- [Task to complete] After locating the line that contains "VCA2518418 15mm five-leaf" in the material below, copy that line and each one following it, exactly, up to the last line. Pictures stay out.

- [Supplied material]
==================================================

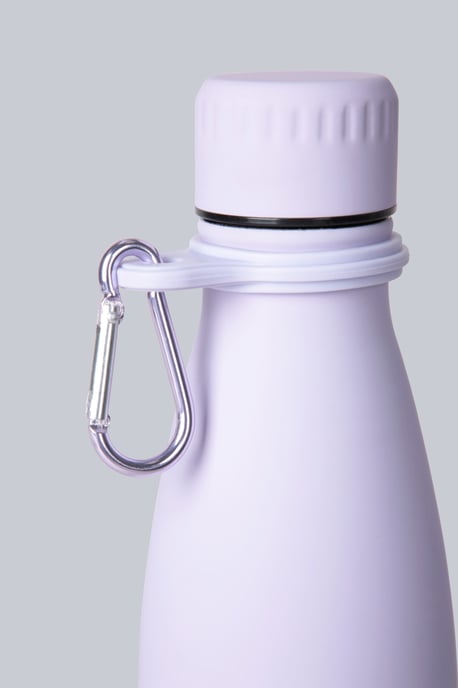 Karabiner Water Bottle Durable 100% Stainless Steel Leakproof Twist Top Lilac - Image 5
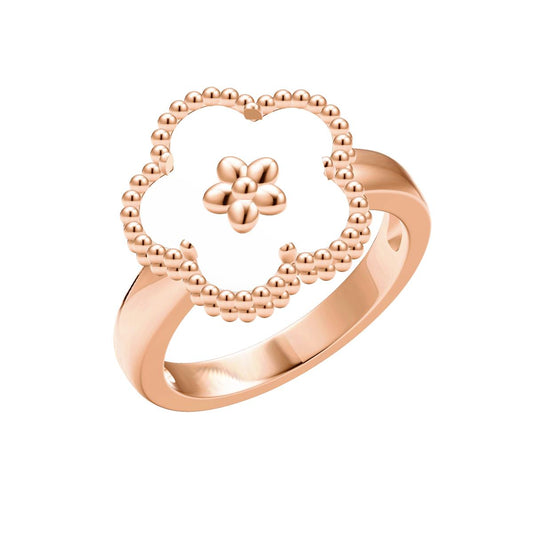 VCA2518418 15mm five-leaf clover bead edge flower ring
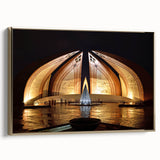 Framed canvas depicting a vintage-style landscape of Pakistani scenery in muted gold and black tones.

==================================================

- [Reply]
 VCA2518418 15mm five-leaf clover bead edge flower ring
 Framed canvas depicting a vintage-style landscape of Pakistani scenery in muted gold and black tones.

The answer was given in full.